Macbeth

The three central prophecies the witches give Macbeth are that he will become Thane of Cawdor, that he will become king of Scotland, and that he will eventually be defeated only under seemingly impossible conditions.

When Macbeth first meets the witches, they greet him with his current title, Thane of Glamis. Then, they predict he will be made Thane of Cawdor and that he will be “king hereafter.” The first prophecy comes true almost immediately when he is awarded the title of Thane of Cawdor, which makes the second—becoming king—feel both believable and dangerously tempting. Macbeth’s new title sparks his ambition and sets the play’s entire tragedy in motion.

Later in the play, Macbeth returns to the witches and receives another set of prophecies through apparitions.

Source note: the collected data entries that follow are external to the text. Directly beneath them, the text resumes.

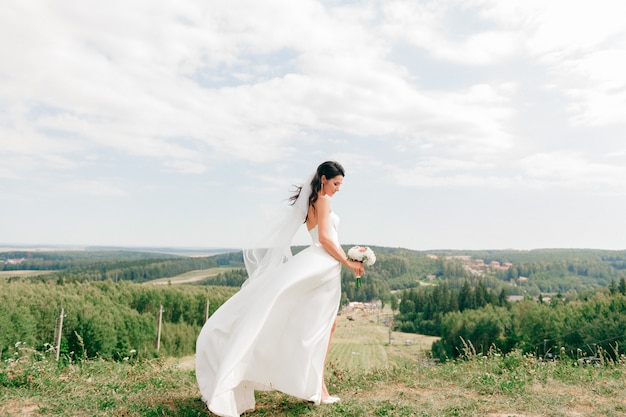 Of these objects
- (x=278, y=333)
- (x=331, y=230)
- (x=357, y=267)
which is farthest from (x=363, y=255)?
(x=278, y=333)

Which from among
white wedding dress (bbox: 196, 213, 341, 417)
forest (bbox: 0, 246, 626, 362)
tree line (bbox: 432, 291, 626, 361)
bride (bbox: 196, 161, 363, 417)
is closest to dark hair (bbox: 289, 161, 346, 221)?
bride (bbox: 196, 161, 363, 417)

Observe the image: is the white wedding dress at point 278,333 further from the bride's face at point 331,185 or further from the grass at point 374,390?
the bride's face at point 331,185

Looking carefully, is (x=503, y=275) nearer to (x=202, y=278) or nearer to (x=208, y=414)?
(x=202, y=278)

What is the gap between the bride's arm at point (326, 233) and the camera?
18.3 feet

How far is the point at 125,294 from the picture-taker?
2675 inches

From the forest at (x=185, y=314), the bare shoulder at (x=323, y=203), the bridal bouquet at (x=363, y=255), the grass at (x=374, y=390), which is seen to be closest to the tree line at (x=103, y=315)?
the forest at (x=185, y=314)

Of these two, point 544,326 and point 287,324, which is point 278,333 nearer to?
point 287,324

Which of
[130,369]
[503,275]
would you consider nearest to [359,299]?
[503,275]

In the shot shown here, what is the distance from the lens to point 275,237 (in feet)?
19.9

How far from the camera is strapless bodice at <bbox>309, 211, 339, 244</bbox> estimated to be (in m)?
5.68

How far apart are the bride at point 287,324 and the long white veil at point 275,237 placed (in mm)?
199

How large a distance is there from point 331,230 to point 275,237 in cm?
82

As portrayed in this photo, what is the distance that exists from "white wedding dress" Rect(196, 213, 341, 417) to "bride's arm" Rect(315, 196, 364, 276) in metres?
0.11

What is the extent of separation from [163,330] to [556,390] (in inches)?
2519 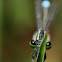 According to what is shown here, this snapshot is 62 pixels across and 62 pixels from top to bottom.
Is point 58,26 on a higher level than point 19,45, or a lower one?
higher

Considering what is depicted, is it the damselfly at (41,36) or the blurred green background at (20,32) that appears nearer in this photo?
the damselfly at (41,36)

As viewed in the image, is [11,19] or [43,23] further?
[11,19]

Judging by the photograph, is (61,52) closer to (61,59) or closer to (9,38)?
(61,59)

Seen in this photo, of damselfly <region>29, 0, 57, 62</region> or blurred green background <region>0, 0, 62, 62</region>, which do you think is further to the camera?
blurred green background <region>0, 0, 62, 62</region>

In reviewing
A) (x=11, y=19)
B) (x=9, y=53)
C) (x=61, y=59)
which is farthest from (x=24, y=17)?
(x=61, y=59)

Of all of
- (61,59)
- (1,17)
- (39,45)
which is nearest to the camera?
(39,45)

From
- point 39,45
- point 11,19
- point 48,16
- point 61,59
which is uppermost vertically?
point 11,19

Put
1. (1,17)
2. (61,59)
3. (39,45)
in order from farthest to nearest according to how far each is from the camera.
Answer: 1. (1,17)
2. (61,59)
3. (39,45)

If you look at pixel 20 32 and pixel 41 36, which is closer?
pixel 41 36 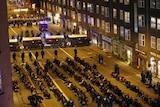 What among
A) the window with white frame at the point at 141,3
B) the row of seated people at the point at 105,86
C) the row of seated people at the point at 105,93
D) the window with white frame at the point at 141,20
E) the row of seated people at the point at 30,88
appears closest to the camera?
the row of seated people at the point at 105,93

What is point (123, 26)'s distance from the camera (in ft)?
255

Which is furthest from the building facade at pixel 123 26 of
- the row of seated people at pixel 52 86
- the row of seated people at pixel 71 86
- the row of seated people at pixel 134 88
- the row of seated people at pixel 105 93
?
the row of seated people at pixel 52 86

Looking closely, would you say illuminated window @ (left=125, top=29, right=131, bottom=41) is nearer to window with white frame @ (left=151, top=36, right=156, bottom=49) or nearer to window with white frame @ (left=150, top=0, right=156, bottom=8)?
window with white frame @ (left=151, top=36, right=156, bottom=49)

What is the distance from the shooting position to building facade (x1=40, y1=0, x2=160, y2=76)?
215ft

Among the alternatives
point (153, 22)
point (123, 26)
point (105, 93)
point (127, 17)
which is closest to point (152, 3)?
point (153, 22)

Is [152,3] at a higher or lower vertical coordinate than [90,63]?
higher

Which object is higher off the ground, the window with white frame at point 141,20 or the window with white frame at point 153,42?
the window with white frame at point 141,20

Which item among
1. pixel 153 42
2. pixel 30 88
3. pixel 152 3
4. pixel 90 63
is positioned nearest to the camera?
pixel 30 88

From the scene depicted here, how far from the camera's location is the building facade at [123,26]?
65.4 meters

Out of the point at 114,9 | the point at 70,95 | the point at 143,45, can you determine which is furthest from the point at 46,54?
the point at 70,95

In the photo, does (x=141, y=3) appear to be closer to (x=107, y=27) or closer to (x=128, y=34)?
(x=128, y=34)

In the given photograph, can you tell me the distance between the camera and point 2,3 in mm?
32781

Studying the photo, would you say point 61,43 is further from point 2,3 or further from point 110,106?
point 2,3

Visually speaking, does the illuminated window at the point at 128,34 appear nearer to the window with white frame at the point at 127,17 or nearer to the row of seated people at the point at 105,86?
the window with white frame at the point at 127,17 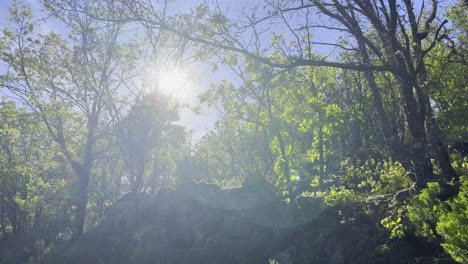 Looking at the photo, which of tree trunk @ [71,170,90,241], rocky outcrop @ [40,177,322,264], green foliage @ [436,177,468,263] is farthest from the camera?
tree trunk @ [71,170,90,241]

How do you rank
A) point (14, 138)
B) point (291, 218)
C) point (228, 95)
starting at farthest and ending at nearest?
point (14, 138) < point (291, 218) < point (228, 95)

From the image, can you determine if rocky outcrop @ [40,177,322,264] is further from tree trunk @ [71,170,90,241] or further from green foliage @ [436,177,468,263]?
green foliage @ [436,177,468,263]

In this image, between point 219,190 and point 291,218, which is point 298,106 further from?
point 219,190

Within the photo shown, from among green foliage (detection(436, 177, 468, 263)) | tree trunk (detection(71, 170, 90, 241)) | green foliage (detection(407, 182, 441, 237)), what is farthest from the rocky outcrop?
green foliage (detection(436, 177, 468, 263))

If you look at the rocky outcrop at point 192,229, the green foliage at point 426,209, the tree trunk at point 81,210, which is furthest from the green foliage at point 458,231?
the tree trunk at point 81,210

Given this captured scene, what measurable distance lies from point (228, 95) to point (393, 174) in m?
5.04

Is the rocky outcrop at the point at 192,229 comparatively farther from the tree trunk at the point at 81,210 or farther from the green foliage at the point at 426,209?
the green foliage at the point at 426,209

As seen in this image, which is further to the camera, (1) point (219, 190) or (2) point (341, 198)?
(1) point (219, 190)

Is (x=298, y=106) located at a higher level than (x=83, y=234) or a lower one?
higher

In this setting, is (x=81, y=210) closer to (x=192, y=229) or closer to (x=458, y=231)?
(x=192, y=229)

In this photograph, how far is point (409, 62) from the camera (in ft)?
26.0

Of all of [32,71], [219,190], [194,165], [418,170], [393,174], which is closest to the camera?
[418,170]

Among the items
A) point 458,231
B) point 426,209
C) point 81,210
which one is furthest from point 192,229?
point 458,231

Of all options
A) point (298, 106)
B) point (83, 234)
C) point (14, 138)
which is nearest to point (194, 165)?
point (14, 138) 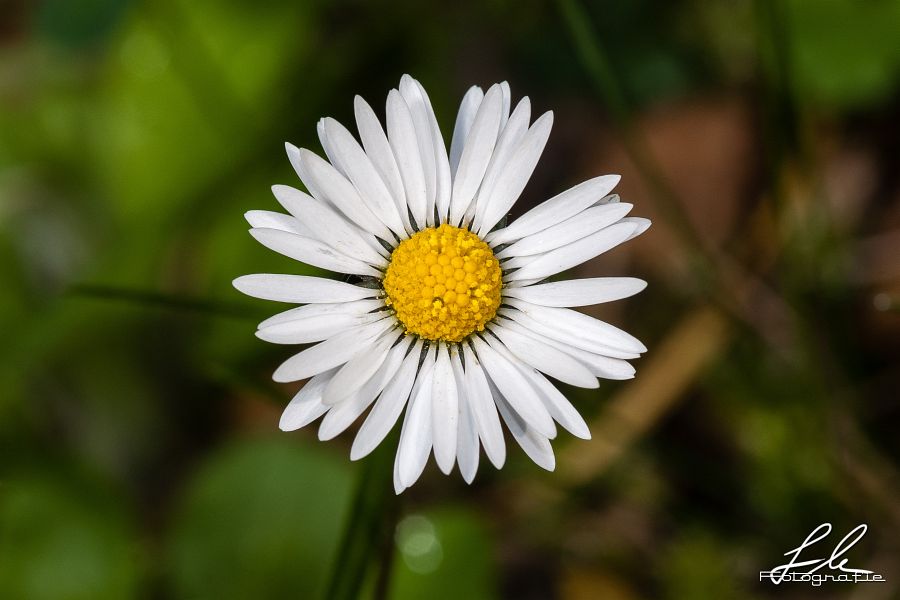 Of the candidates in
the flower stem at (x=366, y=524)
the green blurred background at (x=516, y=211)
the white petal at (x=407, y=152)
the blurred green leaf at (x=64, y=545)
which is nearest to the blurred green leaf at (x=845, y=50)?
the green blurred background at (x=516, y=211)

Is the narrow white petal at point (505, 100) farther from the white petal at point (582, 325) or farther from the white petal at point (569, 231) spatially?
the white petal at point (582, 325)

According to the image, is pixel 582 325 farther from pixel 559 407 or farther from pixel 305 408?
pixel 305 408

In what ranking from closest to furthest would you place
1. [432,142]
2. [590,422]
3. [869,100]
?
[432,142] → [590,422] → [869,100]

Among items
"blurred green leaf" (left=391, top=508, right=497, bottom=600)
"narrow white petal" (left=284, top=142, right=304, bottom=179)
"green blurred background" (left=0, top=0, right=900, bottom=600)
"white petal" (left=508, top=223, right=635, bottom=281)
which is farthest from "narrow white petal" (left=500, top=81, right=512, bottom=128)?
"blurred green leaf" (left=391, top=508, right=497, bottom=600)

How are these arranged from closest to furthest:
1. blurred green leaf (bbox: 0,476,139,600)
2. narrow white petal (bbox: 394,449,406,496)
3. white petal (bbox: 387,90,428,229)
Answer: narrow white petal (bbox: 394,449,406,496)
white petal (bbox: 387,90,428,229)
blurred green leaf (bbox: 0,476,139,600)

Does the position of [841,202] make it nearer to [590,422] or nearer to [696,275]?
[696,275]

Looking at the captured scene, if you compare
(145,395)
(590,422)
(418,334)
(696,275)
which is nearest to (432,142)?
(418,334)

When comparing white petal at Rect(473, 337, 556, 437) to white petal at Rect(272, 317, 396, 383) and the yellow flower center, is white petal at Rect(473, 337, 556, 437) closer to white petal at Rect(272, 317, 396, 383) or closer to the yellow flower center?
the yellow flower center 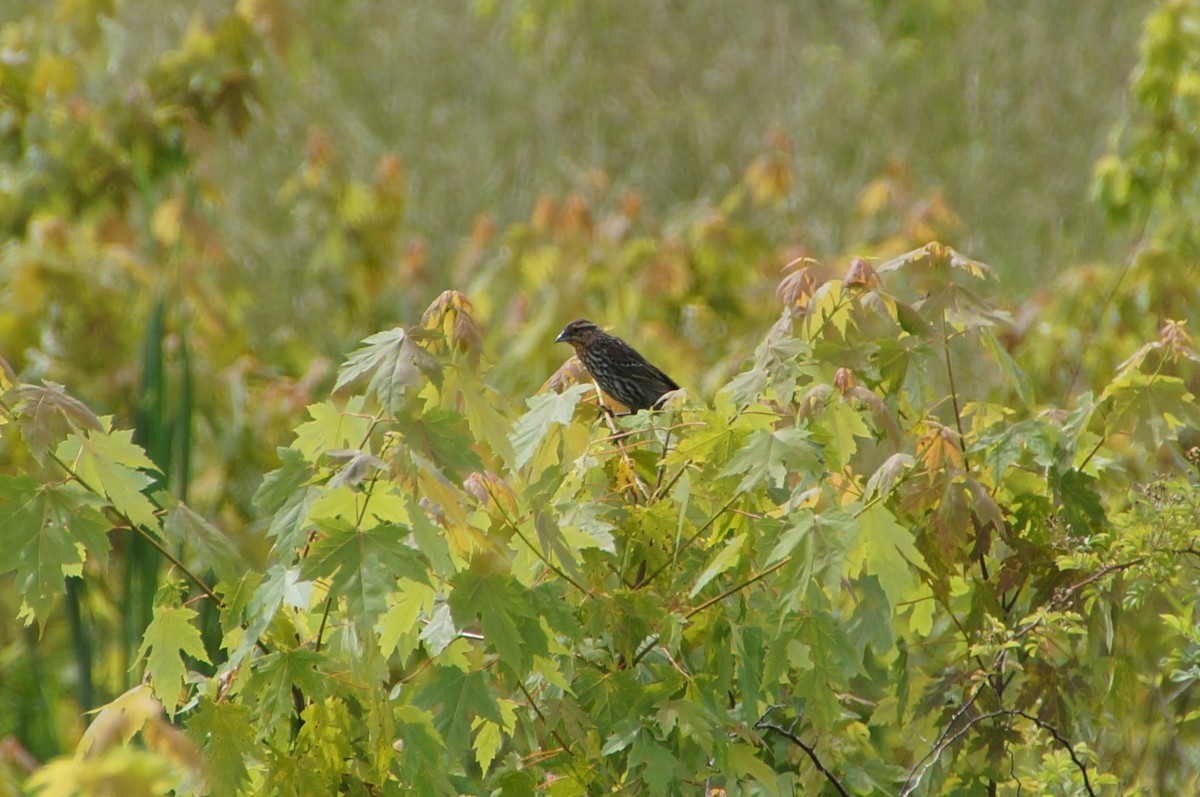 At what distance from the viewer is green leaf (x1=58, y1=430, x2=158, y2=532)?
2.19m

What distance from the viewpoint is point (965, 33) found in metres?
11.4

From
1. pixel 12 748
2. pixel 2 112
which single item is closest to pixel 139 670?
pixel 12 748

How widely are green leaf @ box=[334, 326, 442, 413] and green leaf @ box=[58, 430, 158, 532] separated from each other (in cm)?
33

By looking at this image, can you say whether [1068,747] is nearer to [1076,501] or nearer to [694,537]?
[1076,501]

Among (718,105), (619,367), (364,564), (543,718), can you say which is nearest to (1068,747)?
(543,718)

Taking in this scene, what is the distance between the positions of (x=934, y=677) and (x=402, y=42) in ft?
30.5

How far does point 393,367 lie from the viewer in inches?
81.6

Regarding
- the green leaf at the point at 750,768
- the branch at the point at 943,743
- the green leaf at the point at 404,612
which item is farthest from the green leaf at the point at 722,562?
the branch at the point at 943,743

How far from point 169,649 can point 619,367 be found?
2.50 metres

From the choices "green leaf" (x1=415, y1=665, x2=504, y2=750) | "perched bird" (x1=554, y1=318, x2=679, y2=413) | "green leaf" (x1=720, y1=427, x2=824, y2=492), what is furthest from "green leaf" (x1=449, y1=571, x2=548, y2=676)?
"perched bird" (x1=554, y1=318, x2=679, y2=413)

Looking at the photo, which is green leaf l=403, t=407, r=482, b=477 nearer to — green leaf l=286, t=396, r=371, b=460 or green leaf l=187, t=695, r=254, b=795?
green leaf l=286, t=396, r=371, b=460

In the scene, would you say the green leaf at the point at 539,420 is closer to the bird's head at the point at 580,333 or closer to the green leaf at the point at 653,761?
the green leaf at the point at 653,761

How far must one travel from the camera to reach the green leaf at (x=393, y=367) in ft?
6.72

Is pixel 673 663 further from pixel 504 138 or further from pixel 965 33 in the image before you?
pixel 965 33
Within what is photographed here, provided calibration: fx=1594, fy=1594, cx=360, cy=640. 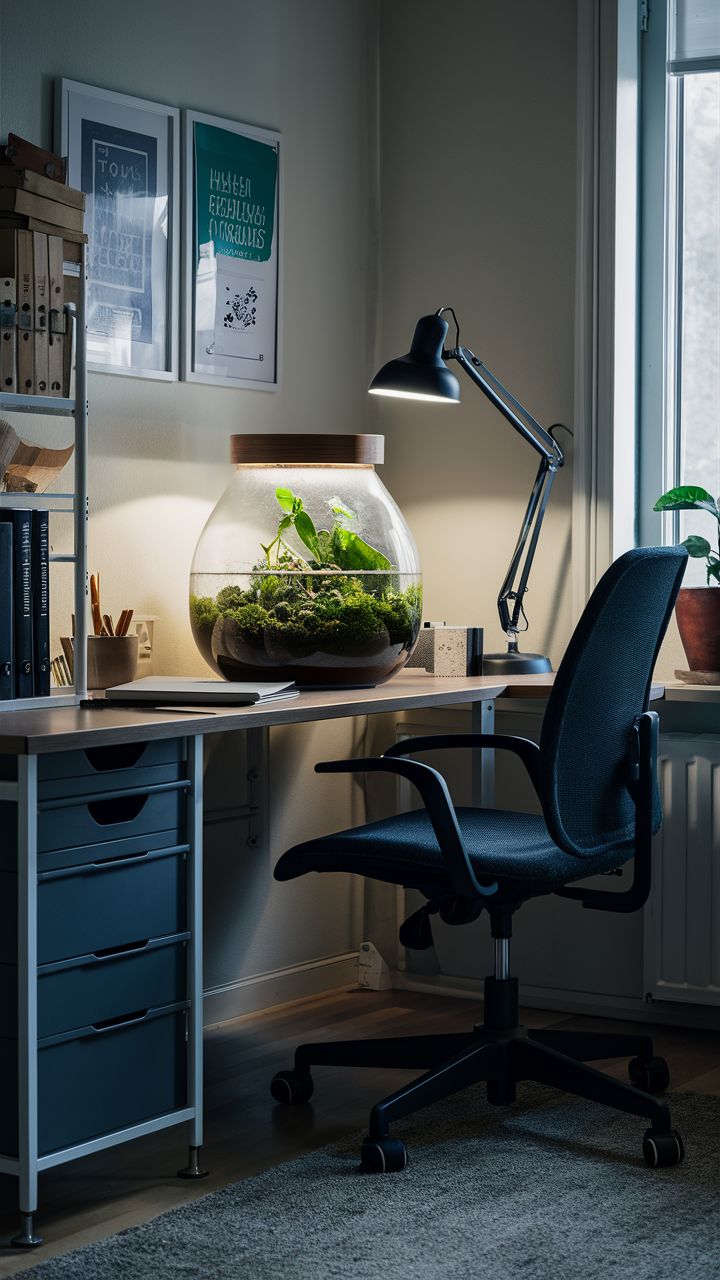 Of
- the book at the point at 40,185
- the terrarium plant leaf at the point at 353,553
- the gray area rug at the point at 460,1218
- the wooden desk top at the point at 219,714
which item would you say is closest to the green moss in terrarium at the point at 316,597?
the terrarium plant leaf at the point at 353,553

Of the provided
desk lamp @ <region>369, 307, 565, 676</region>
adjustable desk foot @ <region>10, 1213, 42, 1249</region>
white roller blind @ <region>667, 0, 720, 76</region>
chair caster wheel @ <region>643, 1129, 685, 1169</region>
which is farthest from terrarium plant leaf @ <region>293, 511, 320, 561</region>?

These are more cryptic and misleading. He is warned to beware Macduff but also reassured that no man “born of woman” can harm him, and that he will remain safe until Birnam Wood moves to Dunsinane. Macbeth interprets these signs as guarantees of invincibility, since all men are born of women and forests do not move.

The power of these prophecies lies in how they mix truth with deception. Each one comes true, but not in the way Macbeth expects: Macduff was delivered by caesarean section (meaning he was not technically “born of woman”), and Malcolm’s army advances by disguising themselves in branches from Birnam Wood. The witches never lie outright, but their words push Macbeth to act on his worst instincts, turning prophecy into a trap built from his own ambition.

These predictions reveal a central tension in the play: fate may outline a future, but it is Macbeth’s choices, driven by ambition and fear, that bring that future to life and ultimately destroy him.